Global Authoritarian Tactics

This progression towards autocracy has been common in recent years in multiple countries, such as by Bukele.

In several years ago, immediately after starting a new term despite constitutional prohibitions, Bukele’s parliamentary loyalists voted to dismiss the country’s attorney general and five judges on the constitutional court. The judges, who had angered him by rejecting coronavirus measures, made way for replacements hand picked by the leader.

The action mirrored Viktor Orbán’s remodeling of Hungary’s court system several years back; Recep Tayyip Erdoğan’s judicial purges in 2019; and attempts at similar moves in the Middle Eastern state and the European country.

Weakening Judicial Independence

Analysts explain that the threats and verbal assaults in the US can be viewed as attempts to weaken court autonomy in a system that offers no easy way for the president to remove judges the administration opposes.

Meghan Leonard, an academic at the university who has researched authoritarian backsliding in democracies, said the Trump administration had learned from the examples set by authoritarians abroad.

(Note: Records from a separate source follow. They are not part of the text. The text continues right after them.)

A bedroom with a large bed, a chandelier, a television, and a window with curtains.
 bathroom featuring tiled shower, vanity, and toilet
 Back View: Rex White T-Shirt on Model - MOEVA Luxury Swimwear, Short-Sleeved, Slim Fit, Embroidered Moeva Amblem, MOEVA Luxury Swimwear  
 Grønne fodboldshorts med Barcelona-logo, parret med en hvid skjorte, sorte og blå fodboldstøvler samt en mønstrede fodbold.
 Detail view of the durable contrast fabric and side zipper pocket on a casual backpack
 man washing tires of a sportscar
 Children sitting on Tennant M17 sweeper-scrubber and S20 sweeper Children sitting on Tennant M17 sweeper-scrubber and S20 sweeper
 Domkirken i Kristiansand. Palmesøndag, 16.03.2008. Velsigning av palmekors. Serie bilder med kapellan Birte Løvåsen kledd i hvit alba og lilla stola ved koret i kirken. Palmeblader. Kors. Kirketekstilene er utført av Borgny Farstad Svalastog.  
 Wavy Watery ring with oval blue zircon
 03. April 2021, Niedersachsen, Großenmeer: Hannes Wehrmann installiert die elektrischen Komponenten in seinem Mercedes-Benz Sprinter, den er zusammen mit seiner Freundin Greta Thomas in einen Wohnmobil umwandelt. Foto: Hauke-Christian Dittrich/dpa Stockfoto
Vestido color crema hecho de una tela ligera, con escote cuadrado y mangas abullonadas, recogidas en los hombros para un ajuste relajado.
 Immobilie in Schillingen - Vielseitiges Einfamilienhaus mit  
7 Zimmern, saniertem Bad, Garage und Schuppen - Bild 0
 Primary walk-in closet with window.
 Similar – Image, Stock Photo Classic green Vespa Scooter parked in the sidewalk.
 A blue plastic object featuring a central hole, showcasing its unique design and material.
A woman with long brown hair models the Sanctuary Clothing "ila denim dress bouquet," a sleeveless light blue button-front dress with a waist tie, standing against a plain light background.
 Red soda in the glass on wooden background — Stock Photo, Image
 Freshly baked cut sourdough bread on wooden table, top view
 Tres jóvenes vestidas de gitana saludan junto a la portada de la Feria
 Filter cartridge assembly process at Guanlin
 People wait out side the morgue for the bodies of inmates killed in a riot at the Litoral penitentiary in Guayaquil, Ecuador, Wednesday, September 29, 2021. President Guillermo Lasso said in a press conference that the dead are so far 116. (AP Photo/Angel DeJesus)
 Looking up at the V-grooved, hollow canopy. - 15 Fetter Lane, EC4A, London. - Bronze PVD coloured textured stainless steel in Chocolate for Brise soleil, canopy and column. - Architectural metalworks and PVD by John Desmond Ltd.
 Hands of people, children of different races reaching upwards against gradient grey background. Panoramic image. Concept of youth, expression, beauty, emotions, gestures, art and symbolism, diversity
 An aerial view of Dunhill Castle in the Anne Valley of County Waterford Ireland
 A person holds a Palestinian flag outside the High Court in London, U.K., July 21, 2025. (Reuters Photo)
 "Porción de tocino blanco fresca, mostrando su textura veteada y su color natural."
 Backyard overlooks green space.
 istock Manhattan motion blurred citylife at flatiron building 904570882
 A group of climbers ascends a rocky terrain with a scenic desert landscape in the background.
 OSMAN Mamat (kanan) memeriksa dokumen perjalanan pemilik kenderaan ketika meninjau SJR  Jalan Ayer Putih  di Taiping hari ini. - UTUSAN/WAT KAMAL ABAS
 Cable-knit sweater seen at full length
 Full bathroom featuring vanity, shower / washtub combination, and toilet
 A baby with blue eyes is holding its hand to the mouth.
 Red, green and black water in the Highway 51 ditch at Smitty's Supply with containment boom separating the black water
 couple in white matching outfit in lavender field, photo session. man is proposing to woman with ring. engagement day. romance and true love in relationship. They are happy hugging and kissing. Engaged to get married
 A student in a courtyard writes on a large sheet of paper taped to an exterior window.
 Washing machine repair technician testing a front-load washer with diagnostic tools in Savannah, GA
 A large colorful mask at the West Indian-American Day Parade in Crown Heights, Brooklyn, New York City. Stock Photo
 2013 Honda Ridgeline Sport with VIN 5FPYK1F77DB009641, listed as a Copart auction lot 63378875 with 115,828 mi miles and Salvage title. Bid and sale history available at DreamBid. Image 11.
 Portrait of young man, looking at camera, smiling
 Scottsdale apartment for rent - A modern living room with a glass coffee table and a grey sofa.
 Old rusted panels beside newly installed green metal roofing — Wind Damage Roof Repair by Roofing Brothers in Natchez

“The administration is observing at these achievements and setbacks. They know they’re not going to be able to pass any laws that would weaken the judiciary,” she said.

Pointing to instances such as the advisor's persistent claims of nearly limitless executive power, she added: “They openly attack the courts by stating repeatedly that it is not a co-equal branch in the separation of powers.

“They persist in redefine the discussion by emphasizing their argument that the president has more power than this other co-equal branch, which is not how checks and balances work.”

The professor said: “Judges' sole safeguard is public trust in the legitimacy of their capacity to make those rulings. Individual threats on top of eroding trust in courts may make judges hesitate about judgments that go against the current administration, which is, of course, massively problematic for court oversight and for democracy.”

Intimidation Tactics

Kim Lane Scheppele, academic of sociology and global studies at Princeton University, has documented the use of “authoritarian law” by the such as Orbán and Putin, and has warned about rising threats to judges in the US.

She pointed to a wave of termed “harassment deliveries” recently, in which judges have received unwanted food orders with the recipient listed as a name, the child of Justice Salas, who was murdered at the judge’s home in several years ago by a gunman aiming at Salas.

“Everyone knows what it means. ‘We know where you live. You are a target,’” the professor said.

“Federal judges are protected by the presidential protection and the Marshals Service. And those are both dedicated police units that sit structurally inside the Department of Justice. And the former AG has been spearheading the criticism on justices.”

Government Goals

Regarding the government's aims, the expert said that “impeaching a US justice is almost certainly not going to happen because it’s very difficult to do. {Right now|Currently

Erica Dickson
Erica Dickson

Elara is a digital artist and designer passionate about blending technology with creativity to inspire others.